Officials think it can be done in five years because the work is well under way in many countries.
Switzerland, Britain, Canada, and the United States have all already moved to ban trans fats, and Thailand is expected to make a similar decree in the next month, according to the New York Times.
Several countries have already put in measures to cut back trans fats from their food supply. So until that time, you're not completely guaranteed to be avoiding trans fats - make sure to double check your food labels (anything listed as "partially-hydrogenated oil" is a trans fat).
Rocco Renaldi, Secretary-General of IFBA, said, "Our progress has been significant - at the end of 2017, on an aggregated basis, we estimate that industrially produced trans fat had been removed from 98.8% of IFBA companies' global product portfolios".
Other European countries followed Denmark's lead.
According to WHO, REPLACE provides six strategic actions to ensure the prompt, complete, and sustained elimination of industrially-produced trans-fats from food supply.

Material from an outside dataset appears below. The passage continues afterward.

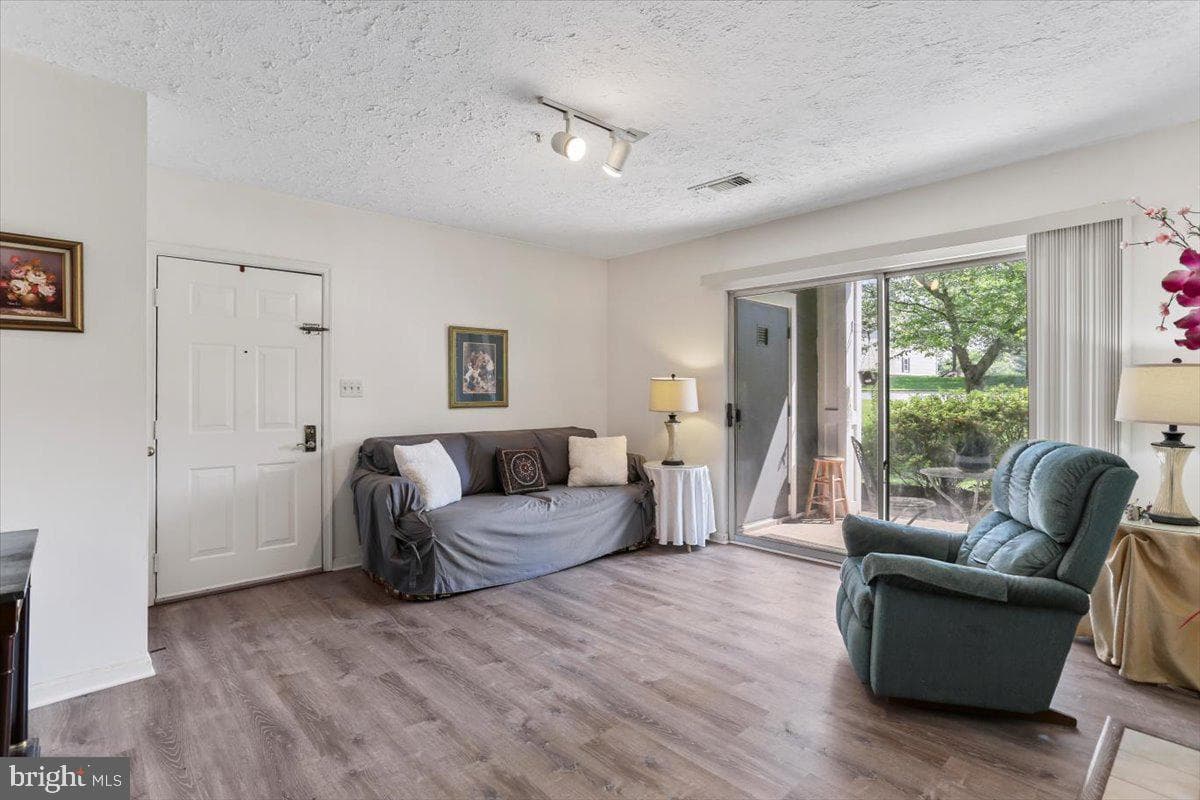20273 Beechwood Terrace #103 photo 6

Denmark was the first country to impose mandatory restrictions on industrially-produced trans fats in 2003, and according to World Health Organization, have since witnessed a decline in cardiovascular disease-related deaths.
Heart disease - the leading cause of death worldwide- accounts for 610,000 deaths, or a quarter of all deaths, in the USA every year, according to the government. Those nations, however, picked up the habit initially thanks to Western food conglomerates - trans fats do occur in tiny natural quantities in meat and cheese (they're therefore thought to be far less harmful), but in the 1950s they became an industrial product manufactured for margarine, shortenings like Crisco, packaged pastries, and almost anything fried.

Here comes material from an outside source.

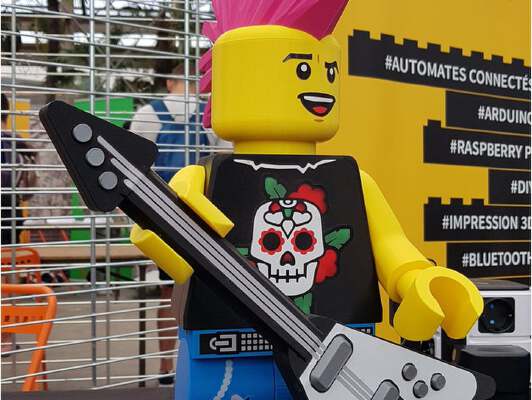 Electric guitar for Ponko giant Lego | 3d print model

Big Food dragged its feet on cutting back for years because it claimed that things like doughnuts, frosting, and frozen pizza wouldn't taste the same. Trans fats increase the levels of a type of cholesterol linked to cardiovascular disease risk. It's usage increased in the 1950's, when people began to believe that trans fats were a healthier alternative to butter and lard.
In the U.S., New York City in 2006 banned restaurants from serving food with trans fats.
"Although trans fats extend the shelf life of food, we think the priority should be the length and health of human life". She said Nestle'; has eliminated these from 99.8% of fats and oils the company uses. It is unclear how much progress has been made or how the rule will be enforced against noncompliant food makers.
"The removal of trans fats from the food supply as an additive counts as one of the major public health victories of the last decade", said Laura MacCleery, policy director for the Washington, D.C. -based advocacy group, Center for Science in the Public Interest.